The boo birds are out in force this week, trumpeting from the rooftops their belief that the UFC has a developing Georges St. Pierre problem.


Somehow, St. Pierre’s ridiculously dominant five-round performance over Jake Shields at UFC 129 – a man both the company and the champion had taken pains to cast as the biggest threat yet to his title reign – wasn’t good enough for a lot of people. Too conservative, they say. St. Pierre just isn’t fun to watch anymore. A few have gone as far as to argue that St. Pierre’s personal “brand” is taking a hit now that he’s racked up  four straight decision victories, though 55,000 fans at Toronto’s Rogers Centre (many of them who appeared to have shelled out to buy replica versions of GSP’s white “Karate Kid” headband) might disagree with that.

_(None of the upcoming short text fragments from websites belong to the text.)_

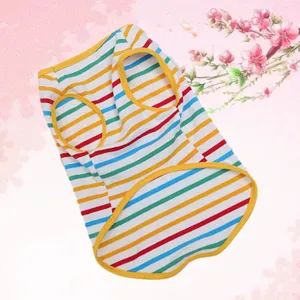 Close-up display of the colorful striped pet vest with yellow edge for small dogs.
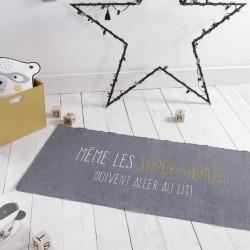 Tapis décoratif super héros - 60 x 120 cm - Gris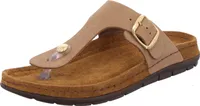 Rohde Damen Zehentrenner Pantolette Leder Rodigo-D 5860, Größe:39 EU, Farbe:Beige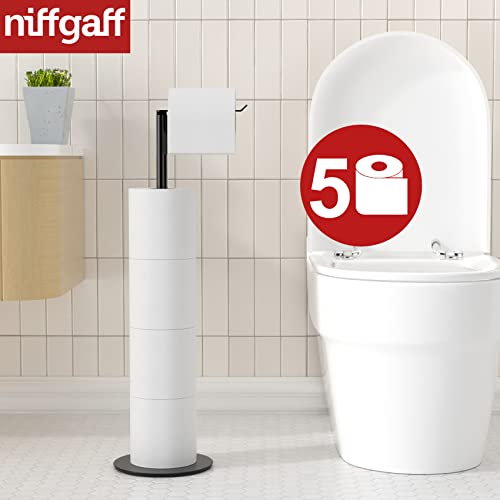 Black Toilet Paper Holder Stand and Dispenser for 4 Spare Rolls,Stainless Steel Free-Standing Toilet Tissue Paper Roll Storage Shelf, Bathroom Accessories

Even if the criticism is a bit misguided though, the fact remains that — with a growing feeling of dissatisfaction in its fan base — the UFC is going to have to find something interesting to do with its welterweight champion. St. Pierre has now decimated six of the other nine fighters in the welterweight top 10 and at least two of the remaining candidates (Martin Kampmann and Carlos Condit) aren’t ready for a shot at the gold.


Up until very recently, conventional wisdom said the champion had outgrown 170-pounds and that “something interesting” would be to have St. Pierre move up to middleweight to challenge the UFC’s other supremely dominant champion – Anderson Silva – in a superfight to determine the world’s consensus No. 1-ranked pound-for-pound fighter. That sounds fun, but St. Pierre has been reluctant to leave welterweight behind, saying putting on the extra weight would make it impossible for him to return to his natural weight class.

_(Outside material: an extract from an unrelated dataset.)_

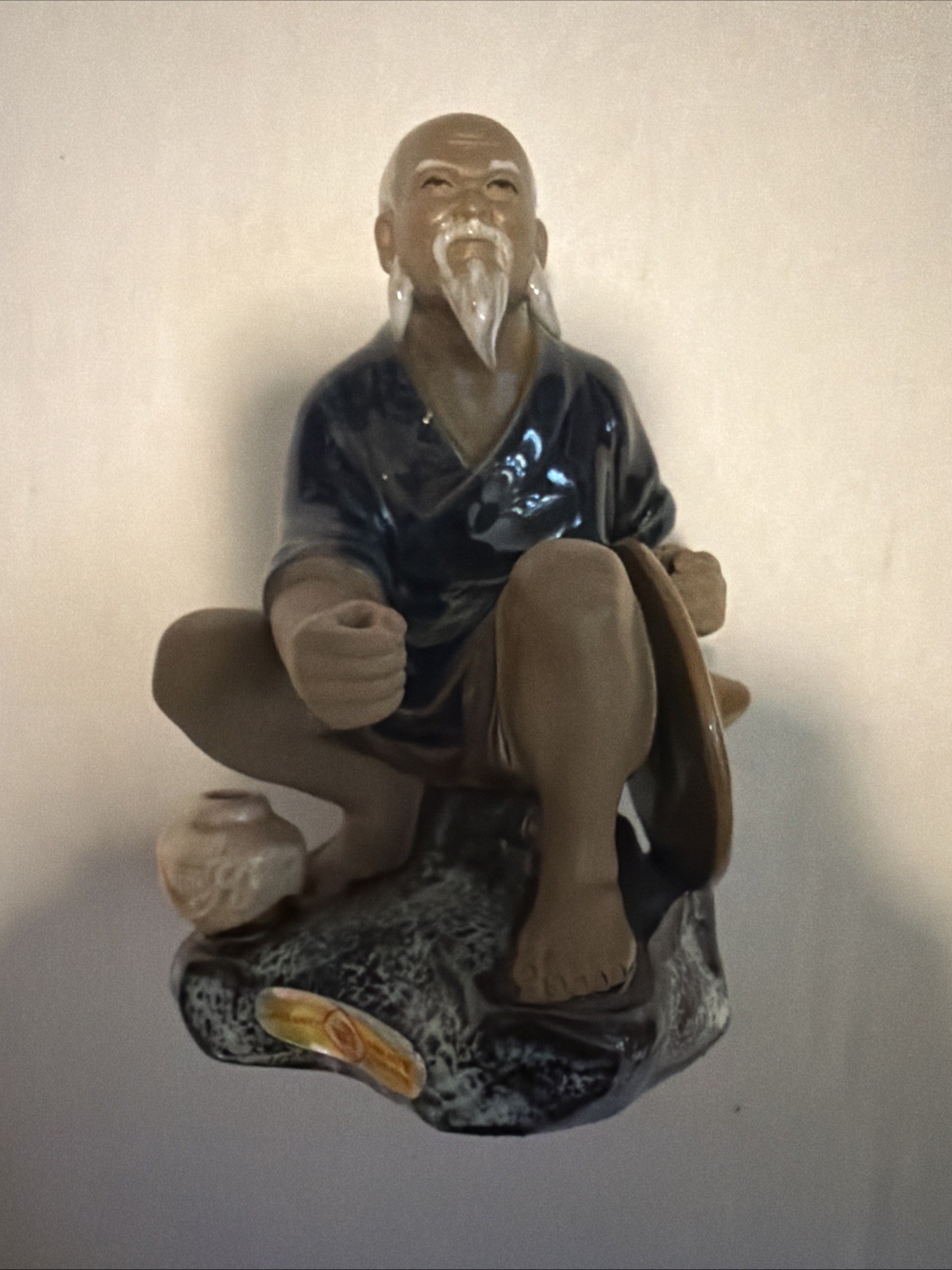 Vintage Chinese Oriental Shiwan Kneeling Mudman Fisherman Figurine Missing Pole Vintage Chinese Oriental Shiwan Kneeling Mudman Fisherman Figurine Missing Pole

With Zuffa, LLC’s recent acquisition of Strikeforce however, a new option has emerged: Just have GSP fight Nick Diaz.


It’s beautifully simple, actually. Diaz has been nearly as dominant in his admittedly smaller pond as St. Pierre has been in his Octagonal one. St. Pierre just defeated Diaz’s teammate (Shields) and Diaz has been pretty vocal recently in his complaints that Strikeforce doesn’t really have anyone for him to fight. There’s also the matter of their styles: Diaz might have an advantage over GSP in the standup and the submission skills to make things interesting on the ground. He’s also not the type of guy to let St. Pierre coast to another decision. The only sticking point could be making the contacts work, but with Zuffa now the rightful owner of Strikeforce, you have to believe the lawyers will be able to figure it out.


Seems like a great idea, right? Well, there is – of course – a problem. That problem, as it almost always is, is Nick Diaz.

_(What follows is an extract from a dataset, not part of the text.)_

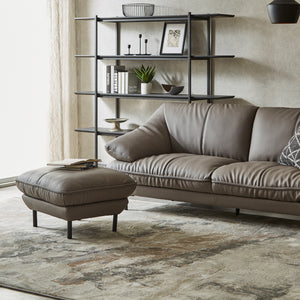 ３人掛け＋オットマン / SILT24スレートグレー #SILT24 スレートグレー（シルキーレザーテックス）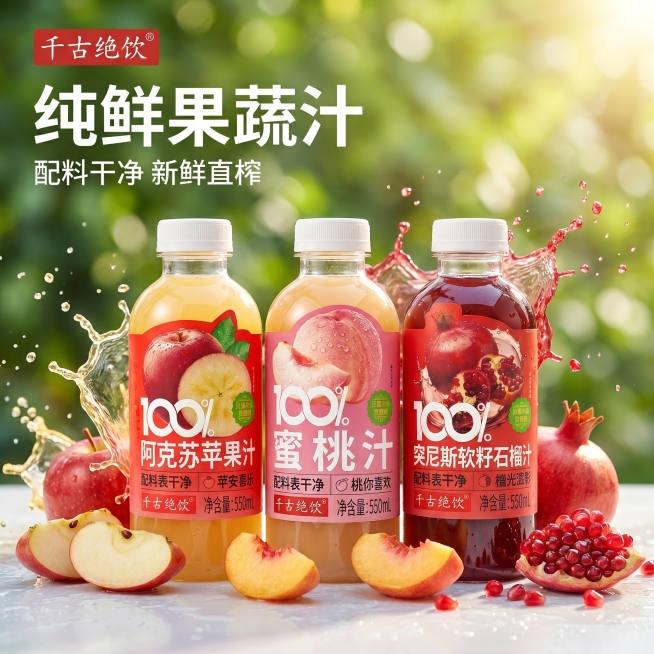 [主图 1] 食欲感首图展示三款果蔬汁产品。氛围风格：新鲜自然夏日氛围感。画质：商业摄影质感、光线柔和通透、产品清晰真实、画面干净高级。元素：保留阿克苏苹果汁、蜜桃汁、突尼斯软籽石榴汁三款产品，移除凤预览效果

Diaz has been so disgruntled with Strikeforce that after his most recent title defense against Paul Daley last month he threatened to quit the sport entirely. At the very least, Diaz has talked of taking some time away from MMA to pursue a big-money boxing match this summer. Former champion Jeff Lacy has even been mentioned as a possible opponent.


Naturally, the bigwigs at Zuffa have a vested interest in making sure that doesn’t happen. Word is, Dana White will fly to Stockton, Calif., this week to meet with Diaz to see if there is “anything he can do” to make the notorious malcontent “happy.”


You can bet he’ll have an awfully big bargaining chip stashed in his pocket: A possible fight with St. Pierre.